# Eric satie obscur repertoire and la gnossienne



## deprofundis (Apr 25, 2014)

Did satie ever written something that good has la gnossienne and please dont says gymnopedie because it's good but it's not has good has a la gnossiennes.

Did any classical composer did variation on Satie gnossienne, because even if i have it in naxos i find this has somesort of gem among my collection.

So did Satie pull something that etherical has this piece, or should i venture in other classical composer masterpiece similar to Satie?

This composition by Satie is an œuvre majeure, if you dont like this you hate music(lets toss a joke in here).

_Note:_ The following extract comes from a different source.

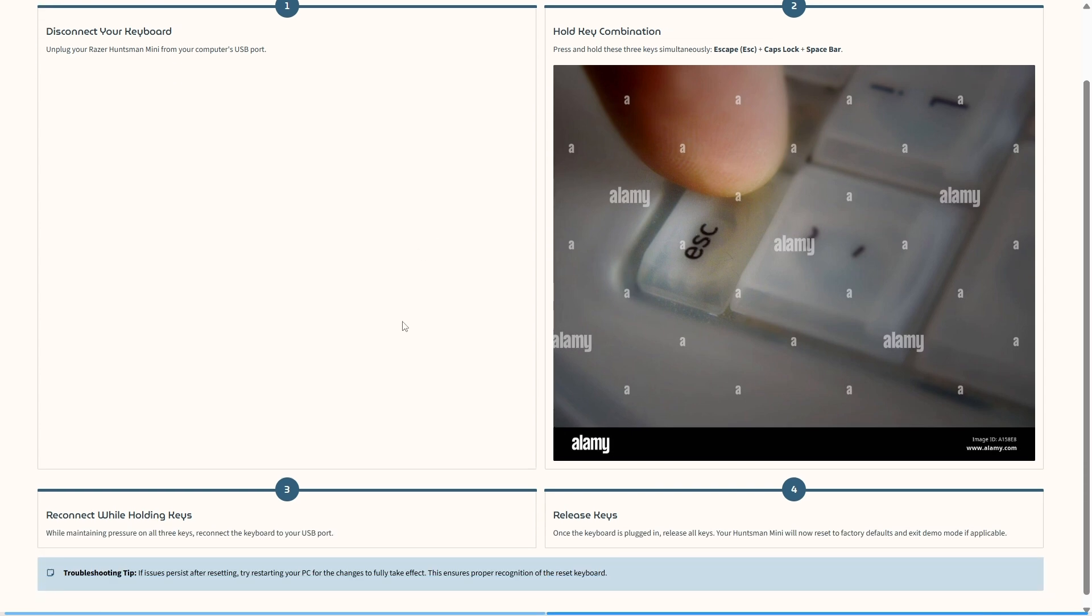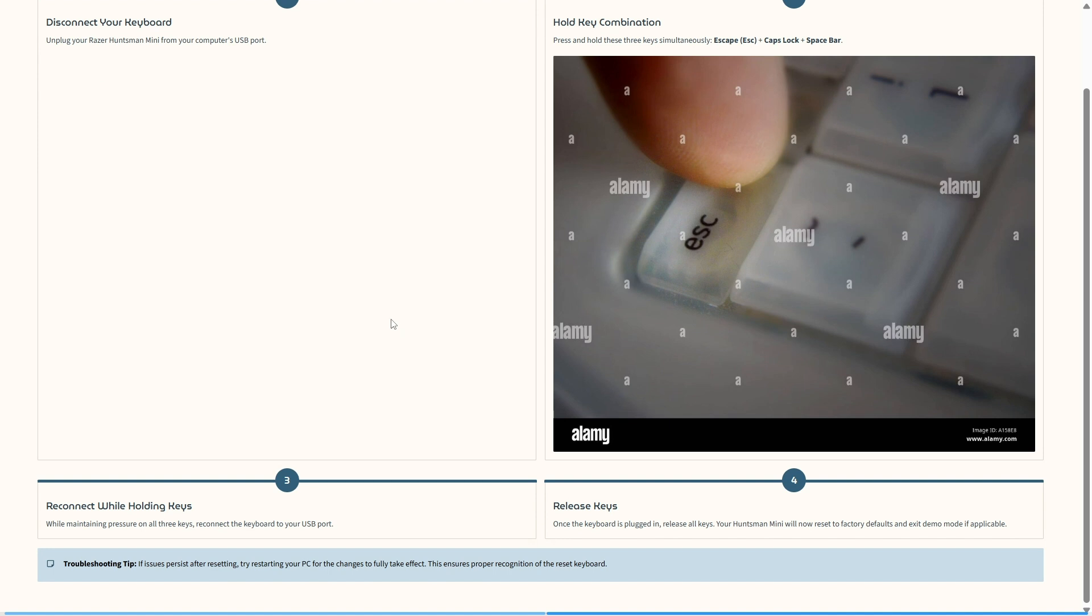Next, you're going to reconnect it while holding these keys. So while maintaining pressure on all three keys, reconnect the keyboard to your USB port. You may require an additional set of hands to help you through this process.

Have a nice days and by the way what are the best recording of this master art?

:tiphat:

Satie on of my favorite classical composer he was an original so were is music..


----------



## Selby (Nov 17, 2012)

Have you listened to Vexations?


----------



## deprofundis (Apr 25, 2014)

Nope Selby i haven't thanks for mentionning this work i will go check it out soon as i can.


----------



## Selby (Nov 17, 2012)

On a more serious note:

I really like this 3 disc collection from Reinbert de Leeuw, the third disc is devoted to melodie with Marjanne Kweksilber:









Do not mistake it for his other 2 disc collection with the glacier-paced, 6+ min 1st gymnopedie, the above collection clocks the piece in at more around the 4 min mark.


----------



## Albert7 (Nov 16, 2014)

deprofundis said:


> Nope Selby i haven't thanks for mentionning this work i will go check it out soon as i can.







Here you go.


----------



## SimonNZ (Jul 12, 2012)

deprofundis said:


> _Last edited by deprofundis; Jun-23-2015 at 18:55. *Reason*: i forgot my hat_


Best.reason.ever.


----------